Description of the task: Leave every picture out, and retype all the remaining records exactly.

Records supplied:
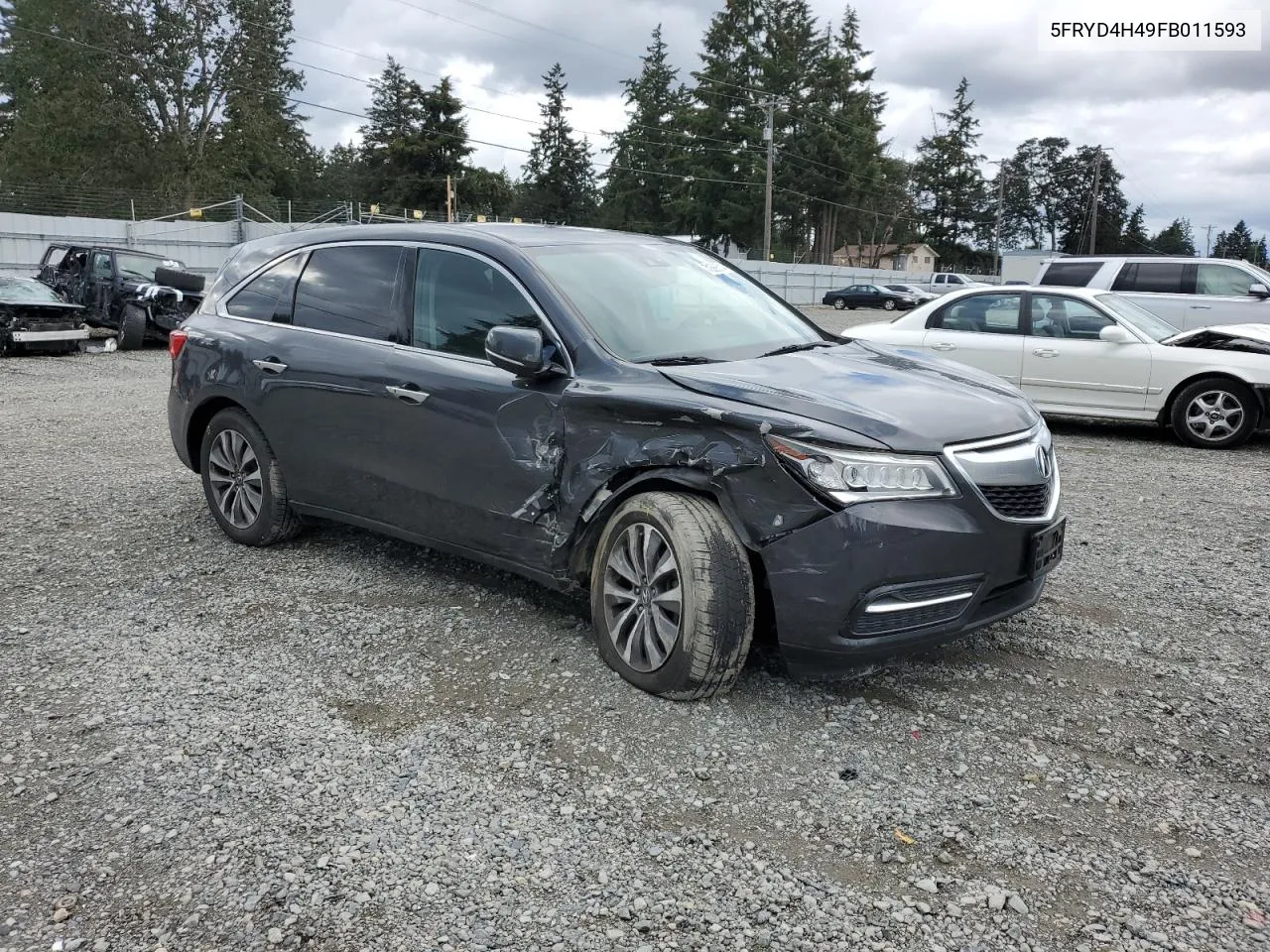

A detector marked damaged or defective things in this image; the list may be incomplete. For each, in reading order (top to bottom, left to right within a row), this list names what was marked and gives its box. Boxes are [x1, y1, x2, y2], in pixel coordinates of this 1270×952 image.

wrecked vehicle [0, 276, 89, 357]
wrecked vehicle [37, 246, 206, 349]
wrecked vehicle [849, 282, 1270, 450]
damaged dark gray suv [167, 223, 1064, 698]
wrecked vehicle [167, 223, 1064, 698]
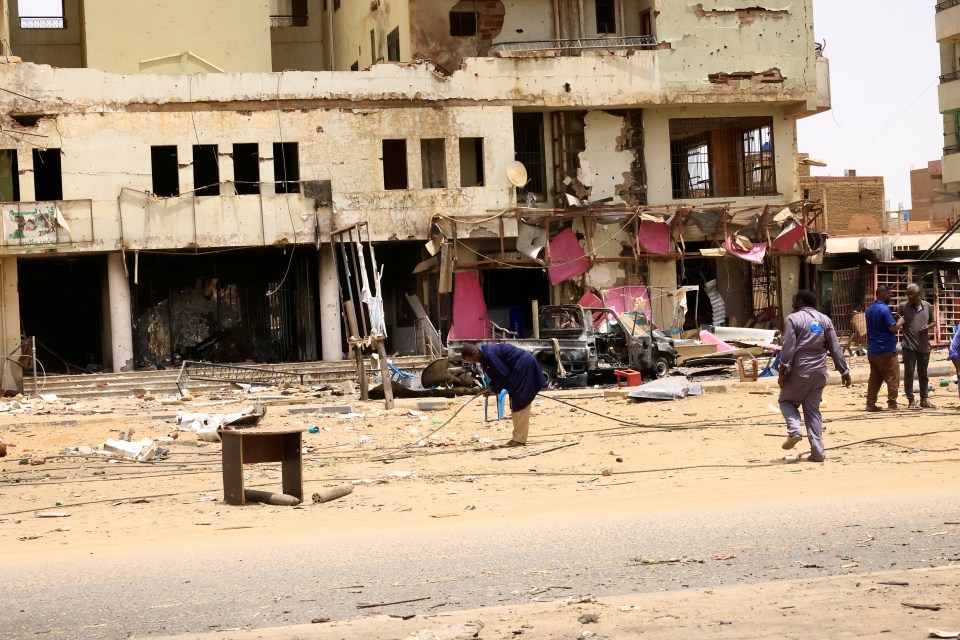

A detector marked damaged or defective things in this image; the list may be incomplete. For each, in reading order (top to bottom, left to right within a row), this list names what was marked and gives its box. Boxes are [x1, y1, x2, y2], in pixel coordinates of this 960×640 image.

Your response:
A detector marked damaged or defective things in this image; the list may be incomplete. For each, in reading order (top to bottom, left to right within a row), this list names what was marked and gives its box. Boxes are [x1, y1, x2, y2], in pixel coordinates of this 1270×952 image.

wrecked vehicle [0, 276, 89, 357]
wrecked vehicle [37, 246, 206, 349]
wrecked vehicle [849, 282, 1270, 450]
damaged dark gray suv [167, 223, 1064, 698]
wrecked vehicle [167, 223, 1064, 698]

A detector marked damaged or defective things in this image; the list may be incomplete. For each, in reading order (top to bottom, left to right within a row), this list names what was marked and gives its box. Boxes are [x1, y1, x2, y2], in pixel coordinates of this 960×640 image.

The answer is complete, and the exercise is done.